Neurochemical changes in the brain differ among patients with social anxiety treated using both SSRIs and CBT, compared to those treated using only CBT. While the combined treatment involving the medicine blocked the serotonin transporters, availability of such transporters increased in patients who only received CBT.
Treatment using selective serotonin reuptake inhibitors, or SSRIs, is effective for depression and anxiety and can be even more effective when combined with cognitive behavioral therapy, or CBT. However, it has not been established which mechanisms in the brain clarify the clinical improvement.

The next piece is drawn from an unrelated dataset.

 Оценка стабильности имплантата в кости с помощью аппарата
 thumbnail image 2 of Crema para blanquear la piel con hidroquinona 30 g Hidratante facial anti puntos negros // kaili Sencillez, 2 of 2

In a double-blind positron emission tomography (PET) study, researchers at Uppsala University investigated people with social anxiety and looked at how serotonin and dopamine transporters in the brain react when SSRIs and CBT are combined. 24 people participated in the study. Half of the participants received both SSRI medication and CBT. The control group received CBT and placebo pills that had no effect.
Major differences
Both groups were helped by undergoing treatment, but there were major differences in how the serotonin and dopamine systems changed in the brain. As expected, the SSRI combination had a major effect on the serotonin transporters. Around 80 percent of them were blocked by the SSRI medication, which is considered a prerequisite for it to function. However, the opposite was true after exclusively psychological treatment, with the serotonin transporters increasing in the raphe nuclei, for example, a group of nuclei contained in the brain stem.
Another striking aspect was that there were entirely different results concerning the link between dopamine and improvement in the two groups. “For purely psychological treatment, that is, those who received CBT along with the placebo medication, there was a connection between increased availability of dopamine transporters and stronger improvement, but the opposite was the case for the SSRI combination,” explains Olof Hjorth, lead author of the study.
The researchers were also able to show that coexpression of the transporters, a measure of the serotoni-dopamine balance, was raised in several of the examined areas of the brain, which corresponded to the level of social anxiety that have been experienced by the patient. This high coexpression also had an impact on the effect of the treatment, except in opposing ways in the two groups.
The results indicate that effective neurochemical changes in the brain take different forms after SSRI treatment and CBT.
“Both pharmacological and psychological treatments work against social anxiety, but they affect the brain’s serotonin and dopamine systems in different ways. The hope is that this knowledge could lead to us finding better and more tailored treatments in the future for affected individuals,” notes professor Tomas Furmark, who led the research.